Action item » No pictures in the copy. Write out the listing below exactly.

Information supplied »
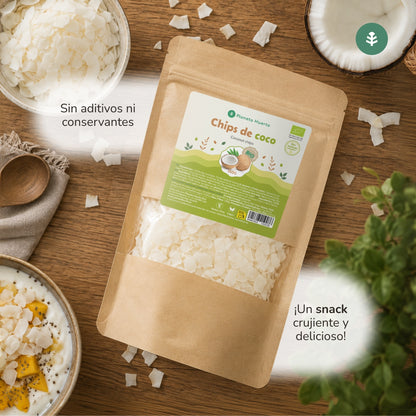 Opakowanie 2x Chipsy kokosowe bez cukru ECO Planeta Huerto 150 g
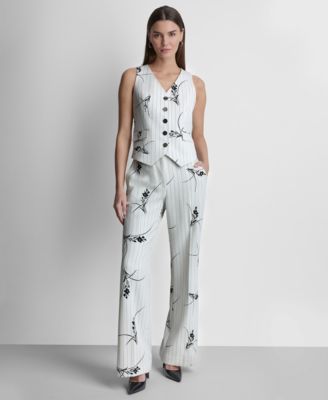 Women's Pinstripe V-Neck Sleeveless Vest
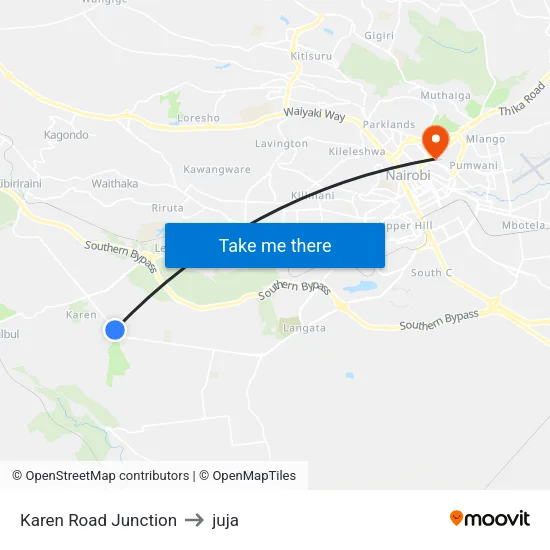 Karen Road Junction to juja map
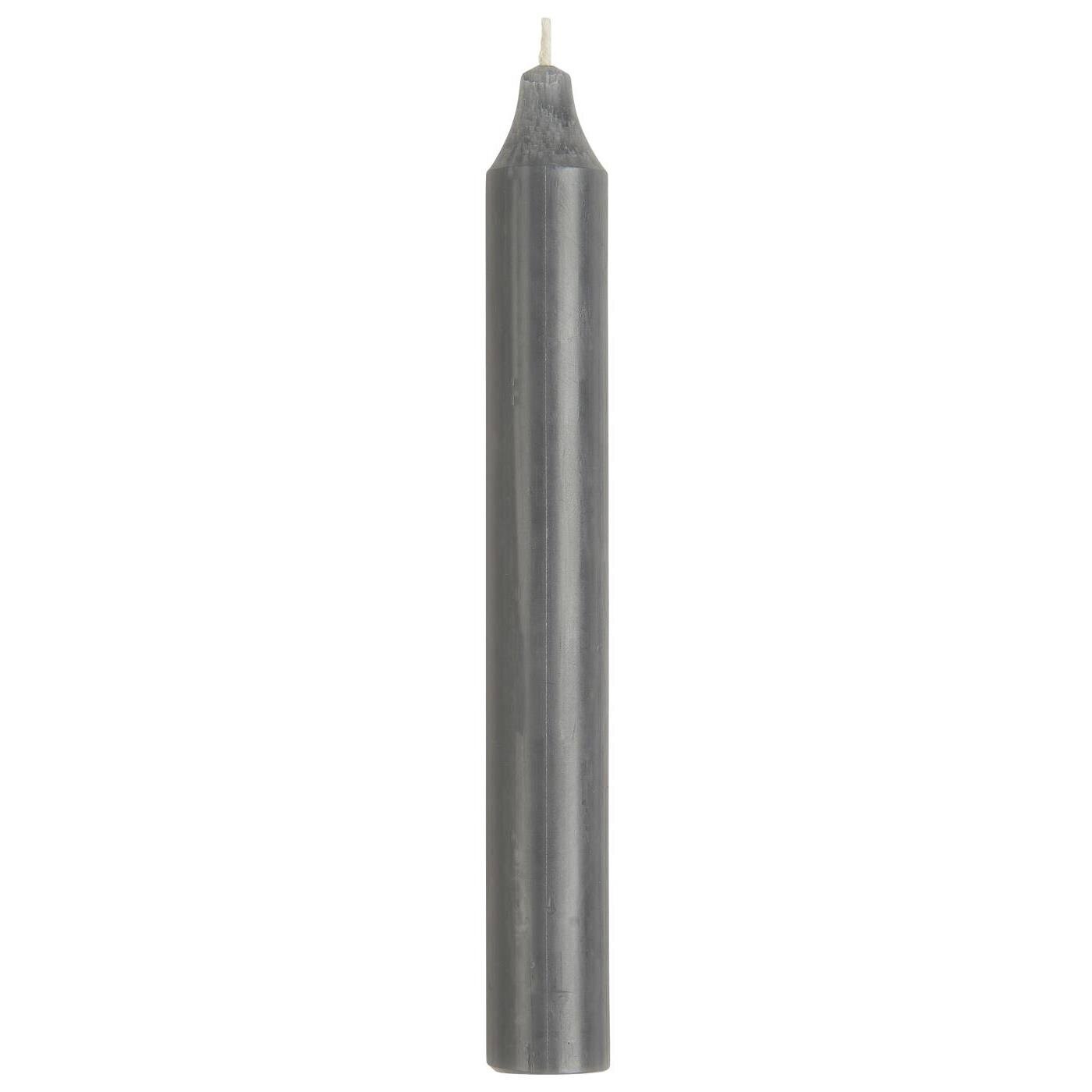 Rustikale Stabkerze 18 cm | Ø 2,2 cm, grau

Result of the task »
 Opakowanie 2x Chipsy kokosowe bez cukru ECO Planeta Huerto 150 g
 Women's Pinstripe V-Neck Sleeveless Vest
 Karen Road Junction to juja map
 Rustikale Stabkerze 18 cm | Ø 2,2 cm, grau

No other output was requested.